What happens when you start to eat less? Your body doesn’t know you’re just trying to lose weight for the sake of vanity or a misguided belief that it will make you healthier. No – after a few pounds are lost, your body eventually senses that you are in a place of food insecurity, and so to save your life it slooooows down its engine, the metabolism. Now you are eating less but also burning less in the way of your RMR – this is essentially your body’s way of maintaining homeostasis – stable internal conditions. Because that’s what the body wants more than anything – to remain at homeostasis. You might think you can compensate for this decrease in metabolism by exercising more – except that your metabolism will continue to compensate in the downward direction still as it continues to perceive this energy imbalance. This alone does not explain why most weight loss attempts end in lost weight being regained, but it’s a good start (I can think of some other reasons: unpalatable, unsustainable diets and hunger. Lots of hunger.).

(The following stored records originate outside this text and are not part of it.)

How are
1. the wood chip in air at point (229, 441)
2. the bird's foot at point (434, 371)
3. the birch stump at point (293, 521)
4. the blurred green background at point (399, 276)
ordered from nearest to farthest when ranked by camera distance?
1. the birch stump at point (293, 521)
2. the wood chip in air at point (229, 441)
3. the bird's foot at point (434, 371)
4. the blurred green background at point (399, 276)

Many health professionals have given up on this equation because they know it just doesn’t work all that well. Some researchers are working on new mathematical equations that will better predict how much a person should eat to lose weight and maintain the loss. Because – and this is dripping in sarcasm – we should definitely be eating according to a mathematical equation.
For me it all goes back to the idea of homeostasis. Our bodies want to remain in happy equilibrium, and they have amazing mechanisms to help us do so. Two of these mechanisms are a sense of hunger and a sense of fullness, which is why it is so important for us to use those internal mechanisms to guide our eating. Yep, back to the ol’ Intuitive Eating we go!
I think we’ve done a lot of damage with dieting over the years by ignoring those internal cues and trying to eat-by-the-numbers. Let’s forget this bad science and start paying attention to what our bodies tell us.